Une première concession à la Cour se manifeste par le licencieux livret des Folastries (1553), dont la hardiesse et la verve témoignent d’un vigoureux réalisme. Quelques mois plus tard, la révélation d’Anacréon et de pièces d’imitation alexandrine conduit Ronsard à composer un Bocage (1554), puis des Mélanges (1555), recueil, entre autres, de gracieuses odelettes aux rythmes légers qui célèbrent l’amour et le vin. Presque à la même époque, Rémy Belleau fait ses débuts poétiques avec ses Petites Inventions (1556), empruntant à Ronsard son anacréontisme et son aimable gaieté, et parvenant à une maîtrise qu’il ne retrouvera plus que rarement.

Ronsard apparaît en ces années 1555 et 1556 comme le grand poète de l’amour : la Continuation des Amours, en l’honneur de Marie, et la Nouvelle Continuation des Amours montrent l’abandon de l’inspiration pétrarquiste des Amours de Cassandre au profit du naturel et de la simplicité, l’un et l’autre commandés par la nouvelle passion de son cœur amoureux pour une jolie paysanne. Ce mélange de chansons et de sonnets est une des plus belles réussites de Ronsard, qui, sans effort, naïvement, découvre les mots et les cadences susceptibles d’émouvoir. Cette ingénuité, cette fraîcheur de vision, alliées à la délicatesse de touche, frappent par leur justesse et leur sobriété. Les « Amours de Marie » contiennent une vérité, une chaleur de sentiment qui font largement oublier les complications rhétoriques des Amours de Cassandre. Bien des années après (1578), dans la cinquième édition collective des Œuvres du poète, les treize sonnets Sur la mort de Marie ajouteront une note mélancolique et tendre à ce beau souvenir de jeunesse. Aussi faut-il s’étonner que les vers de l’Amour de Francine (1555), de Baïf, qui reste dans la tradition pétrarquiste, paraissent bien pâles en regard des chefs-d’œuvre qu’a fait naître l’amour de Ronsard pour Marie ?


Du Bellay en Italie

Tandis que Ronsard s’élève à la plus parfaite expression de la poésie amoureuse, du Bellay se trouve en Italie. En 1552, il avait évoqué avec amertume dans sa Complainte du désespéré les maux physiques et les soucis qui l’accablaient. L’année suivante, il était parti pour l’Italie à la suite de son puissant cousin, le cardinal Jean du Bellay, chargé par Henri II d’une mission diplomatique auprès du pape Jules III.

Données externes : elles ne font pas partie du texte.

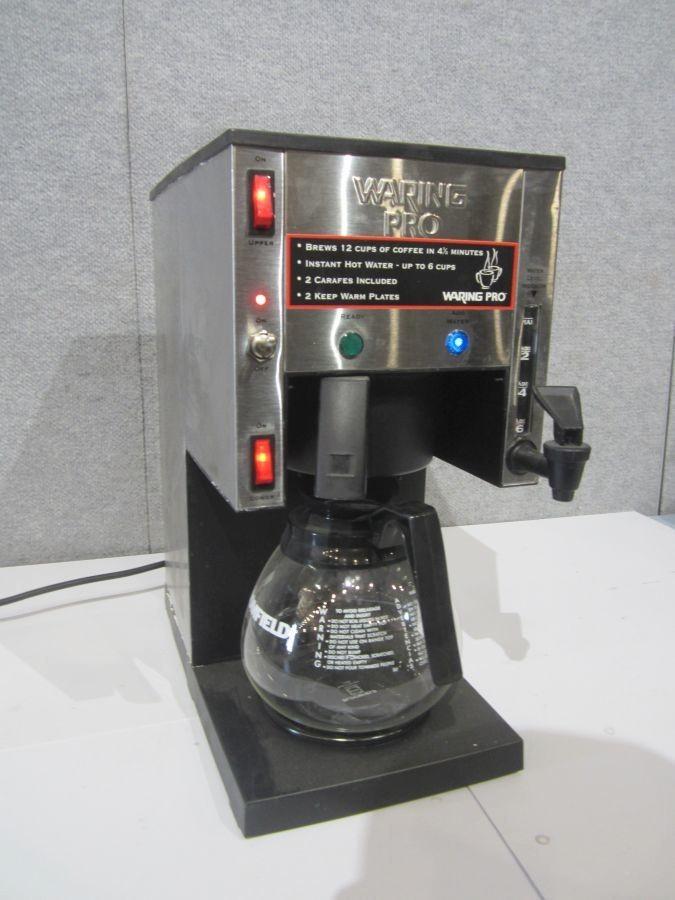 Waring pro 2025 coffee maker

Parvenu à Rome, dont il subit immédiatement la fascination, il jouit, de toute sa ferveur d’humaniste, des leçons grandioses de la capitale. Il se met aussitôt à écrire : ce sont les Antiquités de Rome (publiées en 1558), recueil de sonnets suivis d’un Songe ou Vision. Le fond de l’œuvre est le contraste navrant entre la puissance passée de la ville et sa déchéance actuelle. Du Bellay se laisse aller à de vastes évocations historiques et exprime la tristesse qui se dégage de ces ruines, faisant partager à son lecteur l’invincible mélancolie qui s’est emparée de lui au spectacle émouvant des vestiges romains.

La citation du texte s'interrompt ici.